DIRECTIONS FOR THIS TASK
Give the data below again exactly, and drop each picture from it.

[[ GIVEN INFORMATION open ]]

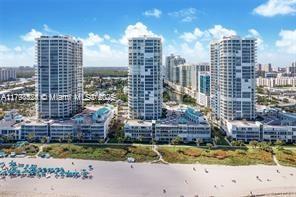 Property for Sale at 16425 Collins Ave 312, Sunny Isles Beach, Miami-Dade County, Florida - Bedrooms: 2 
Bathrooms: 2  - $1,080,000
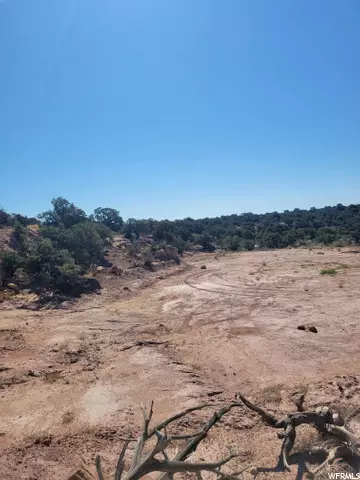 Duchesne, UT 84021,#31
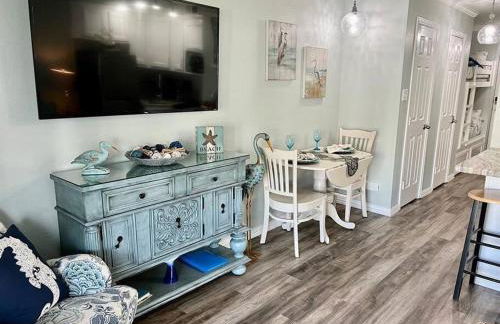 Casa Del Marlin - Your Beach Retreat on Galveston Island, TX - Foto 33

[[ GIVEN INFORMATION closed ]]

TASK SOLUTION
 Property for Sale at 16425 Collins Ave 312, Sunny Isles Beach, Miami-Dade County, Florida - Bedrooms: 2 
Bathrooms: 2  - $1,080,000
 Duchesne, UT 84021,#31
 Casa Del Marlin - Your Beach Retreat on Galveston Island, TX - Foto 33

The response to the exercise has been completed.